Examination of NO Tag Formation for Unseeded Molecular Tagging Velocimetry

摘要

In order to fully understand a fluid flow (and the resulting implications, e.g. lift, drag, vortex shedding, turbulence, etc) accurate measurements under experimental conditions are absolutely necessary. A common way to measure these flow parameters is to use laser diagnostics, such as Particle Image Velocimetry (PIV) or Molecular Tagging Velocimetry (MTV) which utilize Laser Induced Fluorescence (LIF) in order to calculate a velocity vectors in the flow. The investigated method here aims to simulate and experimentally validate the use of NO as a molecular tag formed from quiescent air and highly focused 355 nm light from a tripled Nd:YAG laser. Simulations were performed with the sensitivity analysis suite of CHEMKIN (SENKIN). The findings are that there is a large discrepancy between simulated concentrations of NO and experimentally observed NO. This discrepancy lies in the assumptions of the simulation, the amount of N_2 ionized and therefore NO produced.
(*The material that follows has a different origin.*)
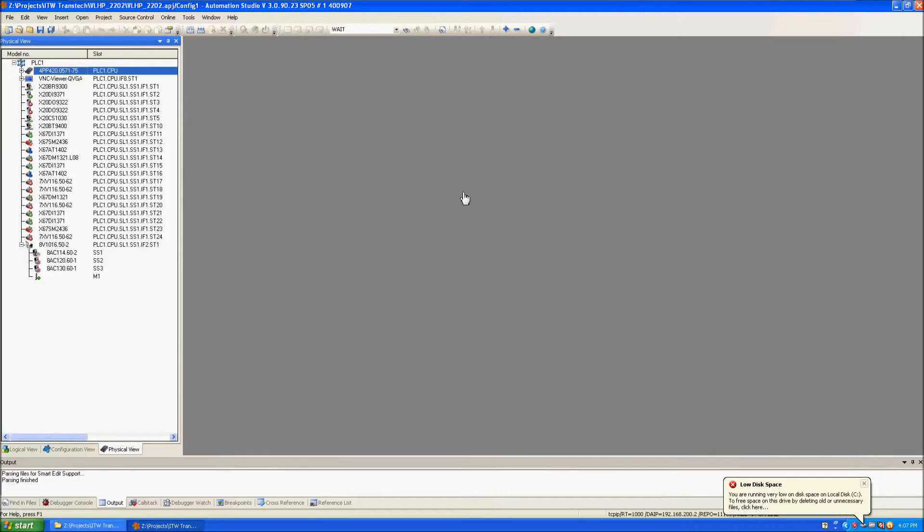This video will demonstrate how to load the network command trace in order to see the communication between the PLC and hardware.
It is theorized that despite other methods being able to achieve 1% ionization of N_2, which the 355 nm method is not efficient enough to meet this target, and the actual ionization is well below this value. Only under experimental conditions of 5 atm of pressure and higher was NO detectable in trace amounts. The detected level was only at a SNR of 1.25, which is too low for MTV work. Through equipment/procedural optimization, it is believed that the SNR may be able to be increased to 4, a critical threshold. However this may only be achievable at high pressures which further limits the applicability of a 355 nm method of NO MTV. Further experiments are underway in order to explore this proposed method further.